Le tableau suivant indique d'une manière générale et facile à saisir la classification des diverses preuves auxquelles on peut en appeler, et qui seront développées dans les paragraphes suivants.
1. PREUVES EXTERIEURES
appréciables par les sens et l'intelligence. 1° Directes , comme les miracles du Sauveur
Jean , III, 2 ; V, 36 ; X , 37; XIV, 11.
2° Rétrospectives , comme les rapports de Christ avec les miracles et les prophéties de l'Ancien-Testament
3° Prospectives, comme l'accomplissement des prophéties depuis les jours du Sauveur
Il. PREUVES INTÉRIEURES.
a. Morales , faisant appel à la conscience.

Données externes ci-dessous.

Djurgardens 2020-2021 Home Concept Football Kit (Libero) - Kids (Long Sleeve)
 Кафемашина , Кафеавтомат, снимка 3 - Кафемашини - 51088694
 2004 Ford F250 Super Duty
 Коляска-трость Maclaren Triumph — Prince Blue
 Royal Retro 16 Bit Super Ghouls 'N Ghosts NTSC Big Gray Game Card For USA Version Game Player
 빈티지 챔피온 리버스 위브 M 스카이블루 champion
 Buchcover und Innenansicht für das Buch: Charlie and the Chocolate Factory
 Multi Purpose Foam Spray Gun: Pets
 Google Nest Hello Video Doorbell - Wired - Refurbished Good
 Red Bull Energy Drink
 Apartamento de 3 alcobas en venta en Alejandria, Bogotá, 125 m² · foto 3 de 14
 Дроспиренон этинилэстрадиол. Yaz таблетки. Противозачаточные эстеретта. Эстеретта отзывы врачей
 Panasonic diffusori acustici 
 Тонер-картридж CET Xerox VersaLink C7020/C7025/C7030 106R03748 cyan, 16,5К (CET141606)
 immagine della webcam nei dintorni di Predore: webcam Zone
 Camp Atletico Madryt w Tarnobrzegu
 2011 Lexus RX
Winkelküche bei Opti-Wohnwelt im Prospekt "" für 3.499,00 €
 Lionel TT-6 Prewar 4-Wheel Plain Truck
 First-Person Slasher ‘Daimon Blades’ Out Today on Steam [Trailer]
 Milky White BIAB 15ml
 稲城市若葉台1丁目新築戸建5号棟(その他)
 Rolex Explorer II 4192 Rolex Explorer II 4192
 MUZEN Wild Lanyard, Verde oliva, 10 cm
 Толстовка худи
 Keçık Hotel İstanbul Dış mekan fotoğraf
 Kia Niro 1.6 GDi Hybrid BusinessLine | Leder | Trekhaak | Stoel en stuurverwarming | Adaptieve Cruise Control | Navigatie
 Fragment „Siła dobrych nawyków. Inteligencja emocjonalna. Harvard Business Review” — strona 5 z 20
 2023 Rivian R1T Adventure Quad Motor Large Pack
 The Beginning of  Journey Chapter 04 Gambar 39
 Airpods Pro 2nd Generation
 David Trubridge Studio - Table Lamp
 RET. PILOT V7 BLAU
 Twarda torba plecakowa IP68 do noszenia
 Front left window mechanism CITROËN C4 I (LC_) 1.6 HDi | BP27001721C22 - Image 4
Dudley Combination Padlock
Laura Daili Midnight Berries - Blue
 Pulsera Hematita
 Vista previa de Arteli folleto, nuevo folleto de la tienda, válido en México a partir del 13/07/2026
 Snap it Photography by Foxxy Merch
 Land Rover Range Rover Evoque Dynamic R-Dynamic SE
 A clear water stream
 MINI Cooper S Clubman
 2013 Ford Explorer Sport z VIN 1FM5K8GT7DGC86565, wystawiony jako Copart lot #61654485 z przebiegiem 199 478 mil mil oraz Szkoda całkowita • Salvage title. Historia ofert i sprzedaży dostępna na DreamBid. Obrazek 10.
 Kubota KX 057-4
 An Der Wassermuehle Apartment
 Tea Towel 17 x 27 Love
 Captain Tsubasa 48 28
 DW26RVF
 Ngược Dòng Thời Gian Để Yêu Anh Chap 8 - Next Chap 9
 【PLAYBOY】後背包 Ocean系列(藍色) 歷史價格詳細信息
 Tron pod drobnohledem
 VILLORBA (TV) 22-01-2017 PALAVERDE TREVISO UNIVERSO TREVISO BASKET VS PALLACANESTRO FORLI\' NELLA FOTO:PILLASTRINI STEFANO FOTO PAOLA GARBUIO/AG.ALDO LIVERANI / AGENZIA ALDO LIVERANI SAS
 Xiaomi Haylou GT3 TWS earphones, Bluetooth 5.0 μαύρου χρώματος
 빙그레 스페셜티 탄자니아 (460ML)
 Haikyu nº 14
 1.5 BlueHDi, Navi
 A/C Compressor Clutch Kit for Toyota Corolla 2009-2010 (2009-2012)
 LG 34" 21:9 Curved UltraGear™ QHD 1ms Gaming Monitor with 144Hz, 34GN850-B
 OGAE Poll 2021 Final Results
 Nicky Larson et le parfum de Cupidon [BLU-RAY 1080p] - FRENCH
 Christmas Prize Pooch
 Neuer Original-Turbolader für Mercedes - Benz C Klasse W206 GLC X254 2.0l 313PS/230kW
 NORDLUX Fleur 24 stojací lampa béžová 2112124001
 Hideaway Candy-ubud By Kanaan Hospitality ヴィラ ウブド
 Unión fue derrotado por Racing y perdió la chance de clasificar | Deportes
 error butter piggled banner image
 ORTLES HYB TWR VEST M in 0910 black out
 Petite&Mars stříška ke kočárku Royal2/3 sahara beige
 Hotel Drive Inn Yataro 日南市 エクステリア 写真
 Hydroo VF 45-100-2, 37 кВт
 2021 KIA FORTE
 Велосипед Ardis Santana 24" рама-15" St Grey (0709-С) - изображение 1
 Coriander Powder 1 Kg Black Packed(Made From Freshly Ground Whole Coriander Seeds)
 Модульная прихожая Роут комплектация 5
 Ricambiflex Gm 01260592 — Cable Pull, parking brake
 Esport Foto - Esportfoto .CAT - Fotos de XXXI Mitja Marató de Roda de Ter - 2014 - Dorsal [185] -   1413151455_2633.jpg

1° Les préceptes moraux de la Bible.
2° Caractère de notre Seigneur et des écrivains inspirés.
3° Caractère et vie des premiers chrétiens , et influence générale de la vérité.
b. Spirituelles , faisant appel à notre intelligence et au nouvel homme tout entier.
1° La preuve Scripturaire ou littéraire , ou la sagesse et l'harmonie de la Révélation :
Dans ses diverses dispensations
Dans les portions diverses du recueil sacré (Paley , etc)
Avec la nature (Butler , Chalmers).
2° La preuve expérimentale. L'Evangile est approprié à tous nos besoins (Pascal , Erskine, J.-J. Gurney)
3° La preuve spirituelle. La Bible répond aux plus saintes idées que nous pouvons nous faire de Dieu , de son caractère, de ses décrets.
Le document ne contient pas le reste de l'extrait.